(Source records)

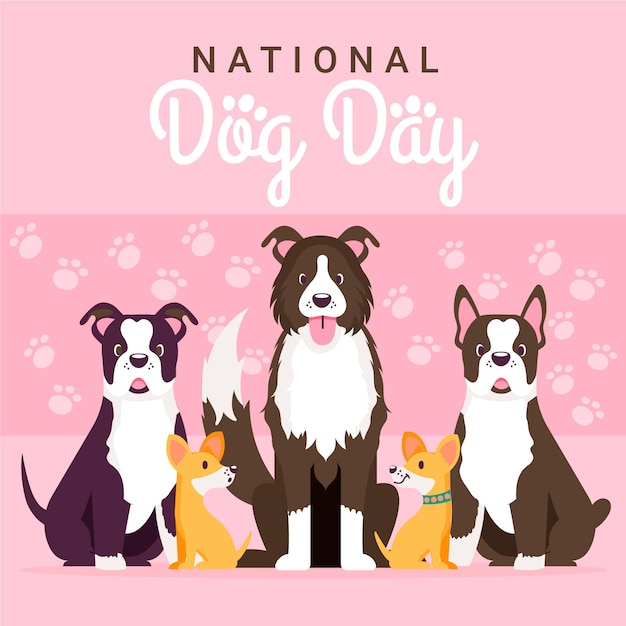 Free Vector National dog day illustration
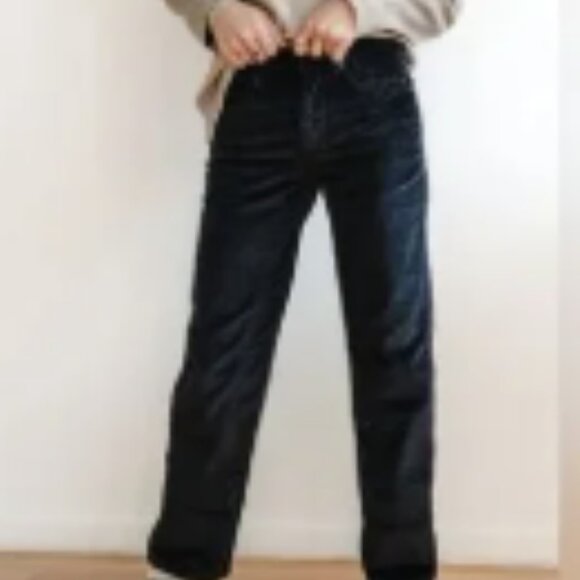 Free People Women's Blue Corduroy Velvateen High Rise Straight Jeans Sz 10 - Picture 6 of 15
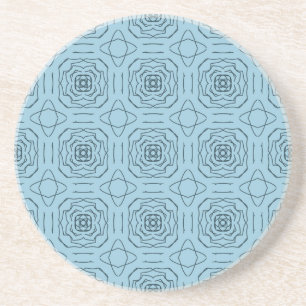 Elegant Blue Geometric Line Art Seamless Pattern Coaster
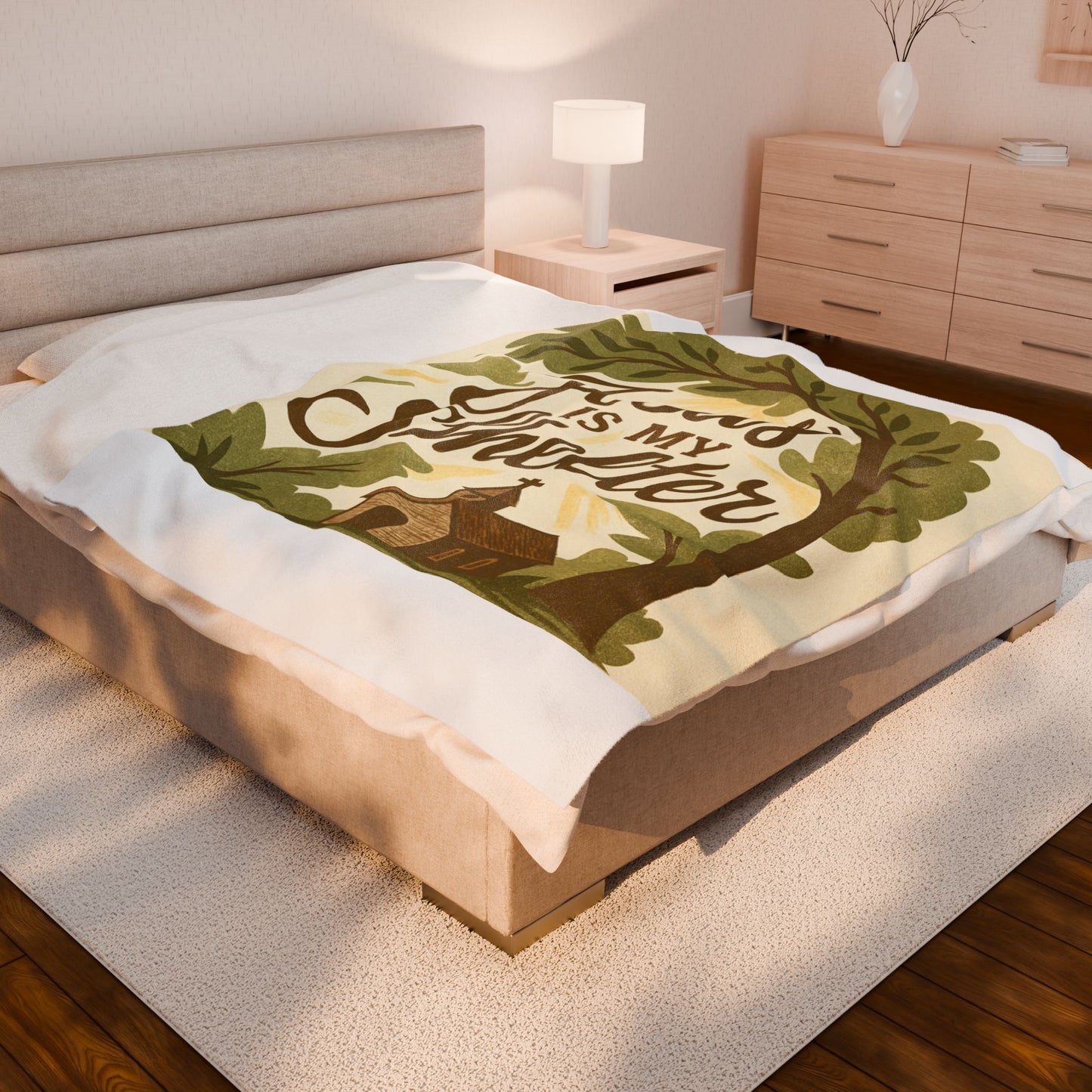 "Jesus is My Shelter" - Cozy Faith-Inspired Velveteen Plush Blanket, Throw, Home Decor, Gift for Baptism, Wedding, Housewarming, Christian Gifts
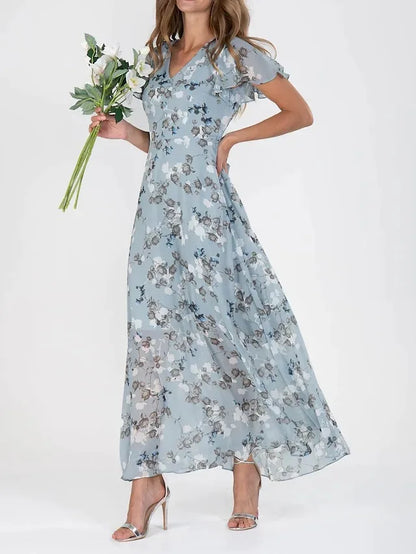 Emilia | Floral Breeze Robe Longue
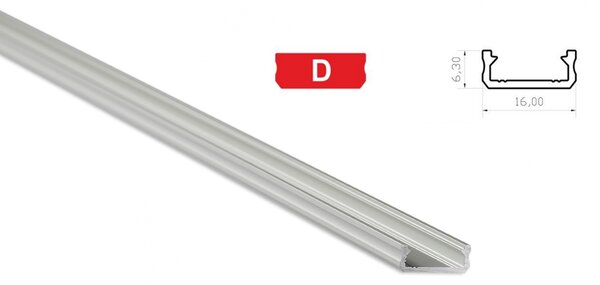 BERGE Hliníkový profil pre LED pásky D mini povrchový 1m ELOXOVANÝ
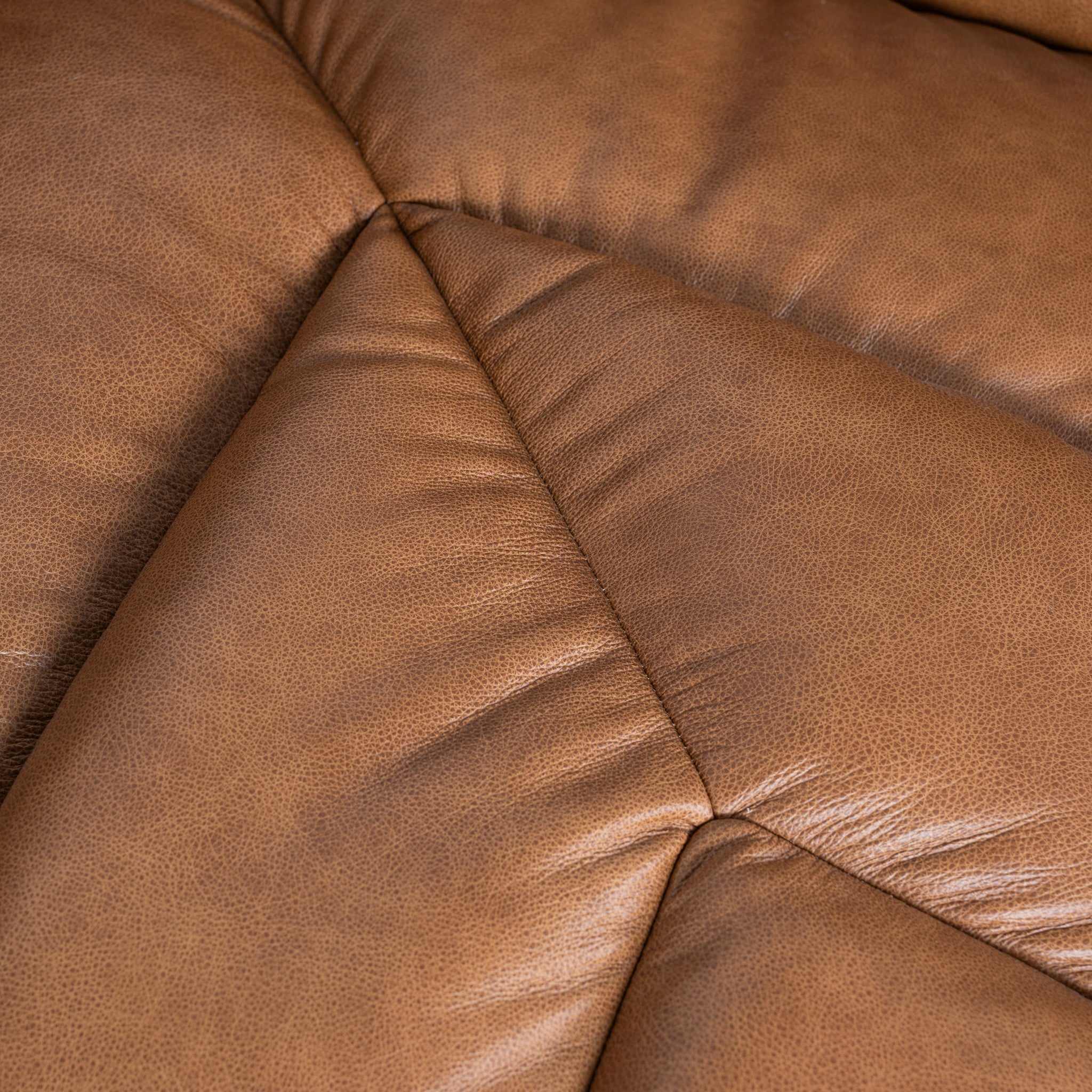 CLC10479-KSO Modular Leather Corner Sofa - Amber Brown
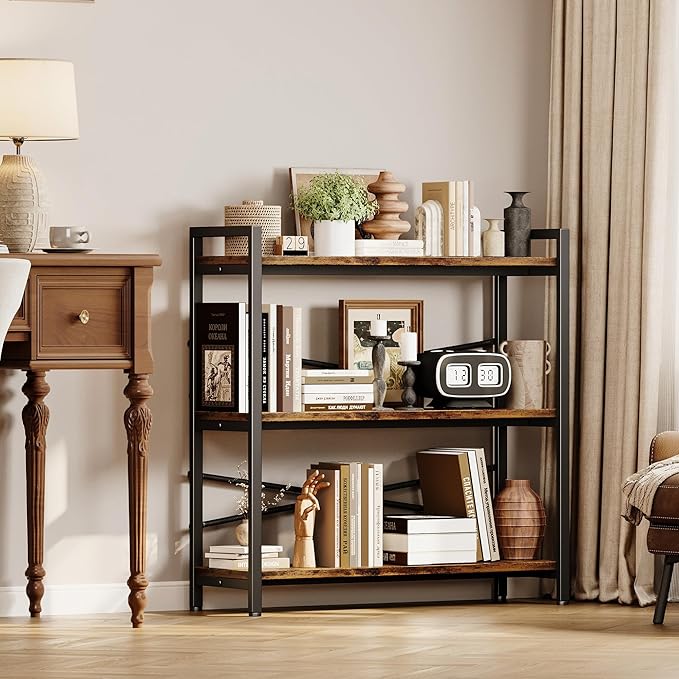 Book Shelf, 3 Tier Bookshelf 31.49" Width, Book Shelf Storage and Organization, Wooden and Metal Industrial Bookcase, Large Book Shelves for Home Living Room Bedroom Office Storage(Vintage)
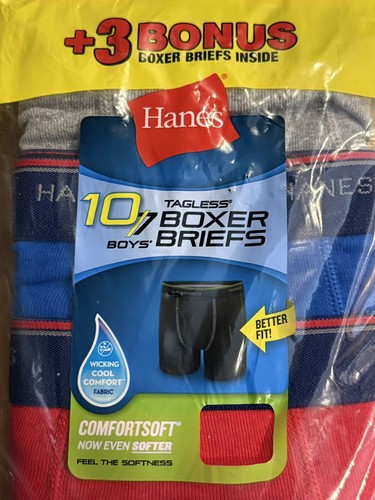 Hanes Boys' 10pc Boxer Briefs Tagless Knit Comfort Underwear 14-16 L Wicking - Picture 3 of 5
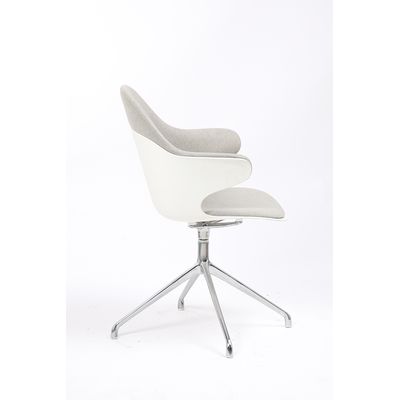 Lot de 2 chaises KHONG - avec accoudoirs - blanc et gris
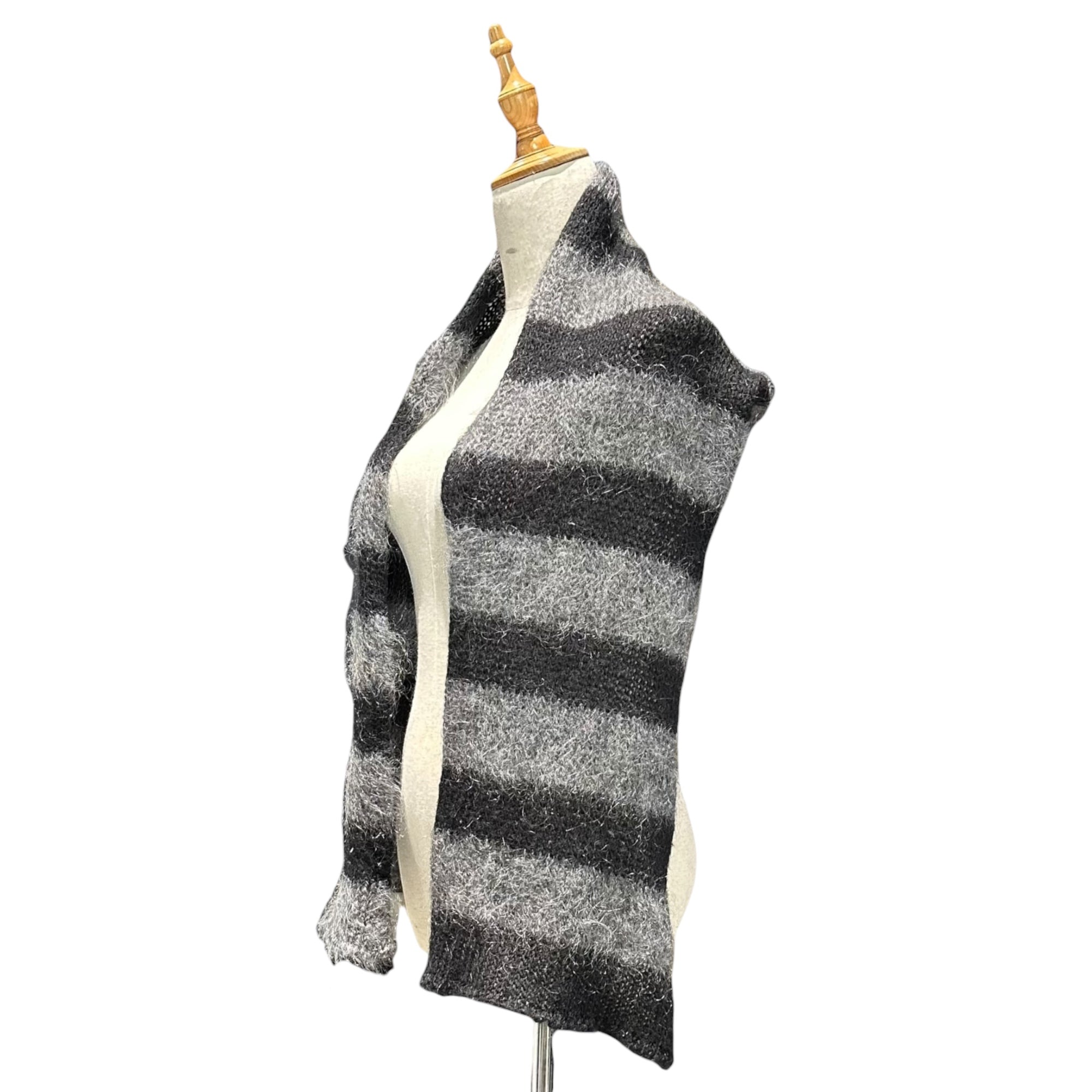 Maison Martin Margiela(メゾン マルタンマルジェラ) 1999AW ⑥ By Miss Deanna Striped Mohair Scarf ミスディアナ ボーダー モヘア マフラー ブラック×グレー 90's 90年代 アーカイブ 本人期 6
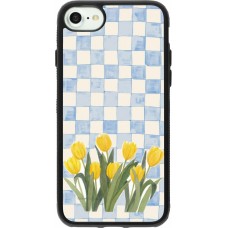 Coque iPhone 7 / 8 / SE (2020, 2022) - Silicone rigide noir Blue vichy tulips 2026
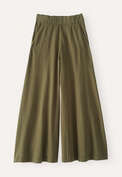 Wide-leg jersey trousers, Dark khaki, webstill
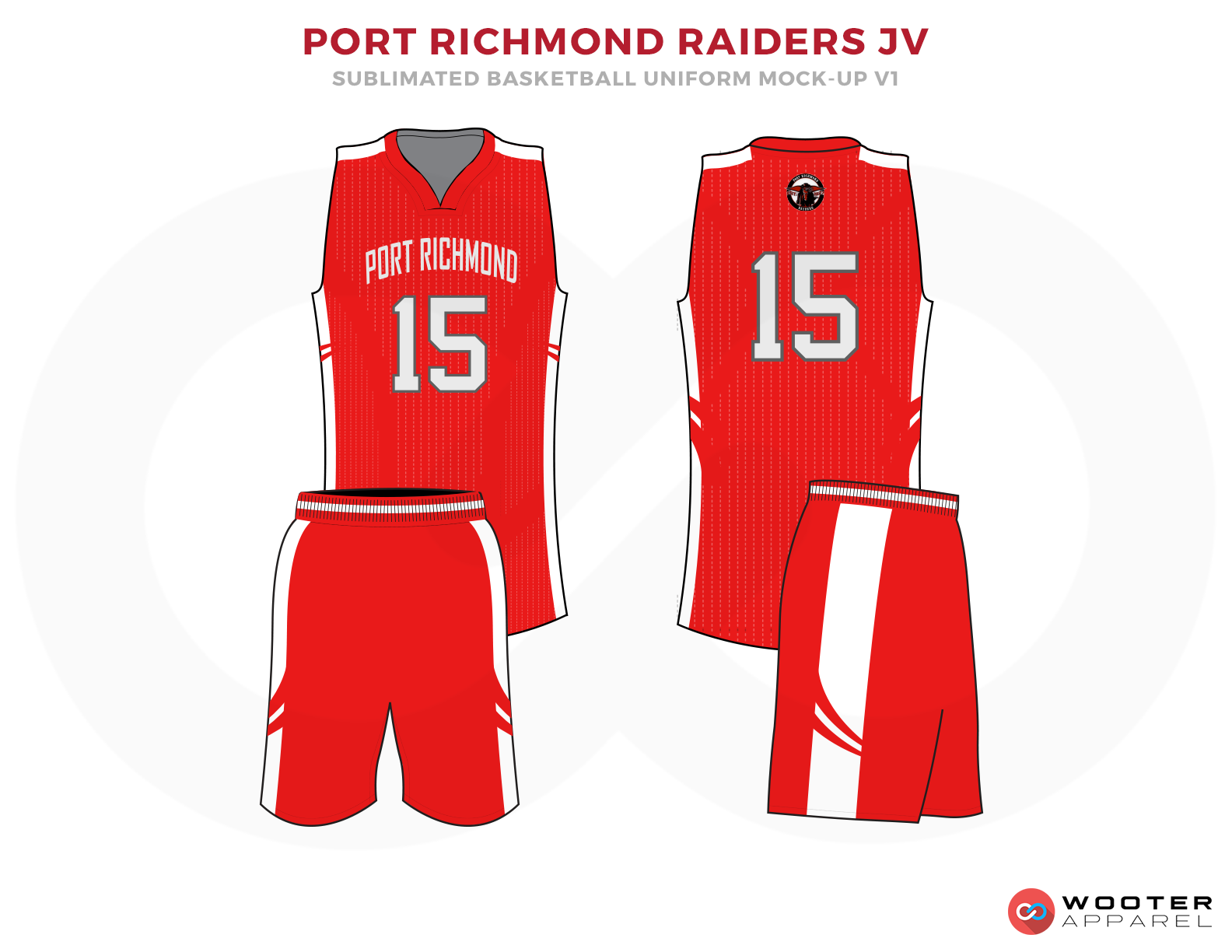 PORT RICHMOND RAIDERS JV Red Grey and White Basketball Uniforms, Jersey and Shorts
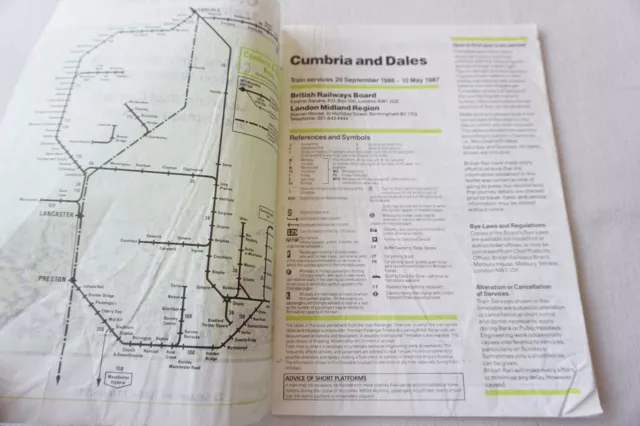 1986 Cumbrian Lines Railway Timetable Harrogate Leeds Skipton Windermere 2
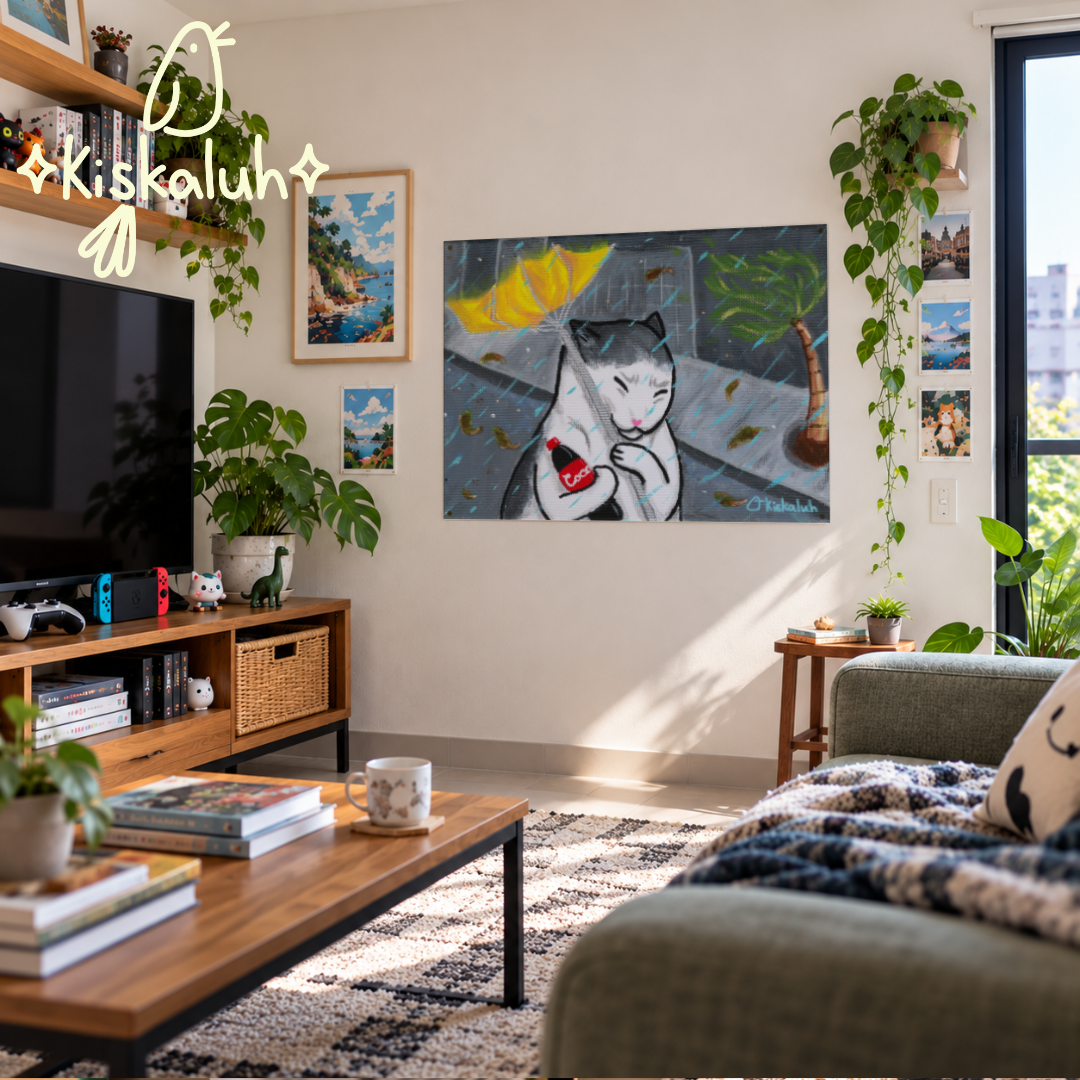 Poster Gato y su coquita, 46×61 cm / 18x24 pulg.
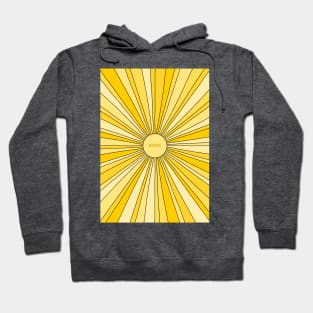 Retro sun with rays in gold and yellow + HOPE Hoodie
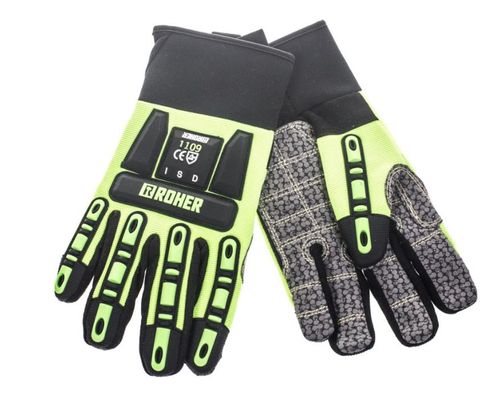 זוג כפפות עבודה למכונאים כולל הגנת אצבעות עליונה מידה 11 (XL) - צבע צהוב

EXERCISE AIM
Pictures aside, every entry above must be repeated exactly.

PROBLEM SOLUTION
 Free Vector National dog day illustration
 Free People Women's Blue Corduroy Velvateen High Rise Straight Jeans Sz 10 - Picture 6 of 15
 Elegant Blue Geometric Line Art Seamless Pattern Coaster
 "Jesus is My Shelter" - Cozy Faith-Inspired Velveteen Plush Blanket, Throw, Home Decor, Gift for Baptism, Wedding, Housewarming, Christian Gifts
 Emilia | Floral Breeze Robe Longue
 BERGE Hliníkový profil pre LED pásky D mini povrchový 1m ELOXOVANÝ
 CLC10479-KSO Modular Leather Corner Sofa - Amber Brown
 Book Shelf, 3 Tier Bookshelf 31.49" Width, Book Shelf Storage and Organization, Wooden and Metal Industrial Bookcase, Large Book Shelves for Home Living Room Bedroom Office Storage(Vintage)
 Hanes Boys' 10pc Boxer Briefs Tagless Knit Comfort Underwear 14-16 L Wicking - Picture 3 of 5
 Lot de 2 chaises KHONG - avec accoudoirs - blanc et gris
 Maison Martin Margiela(メゾン マルタンマルジェラ) 1999AW ⑥ By Miss Deanna Striped Mohair Scarf ミスディアナ ボーダー モヘア マフラー ブラック×グレー 90's 90年代 アーカイブ 本人期 6
 Coque iPhone 7 / 8 / SE (2020, 2022) - Silicone rigide noir Blue vichy tulips 2026
 Wide-leg jersey trousers, Dark khaki, webstill
 PORT RICHMOND RAIDERS JV Red Grey and White Basketball Uniforms, Jersey and Shorts
 1986 Cumbrian Lines Railway Timetable Harrogate Leeds Skipton Windermere 2
 Poster Gato y su coquita, 46×61 cm / 18x24 pulg.
 Retro sun with rays in gold and yellow + HOPE Hoodie
 זוג כפפות עבודה למכונאים כולל הגנת אצבעות עליונה מידה 11 (XL) - צבע צהוב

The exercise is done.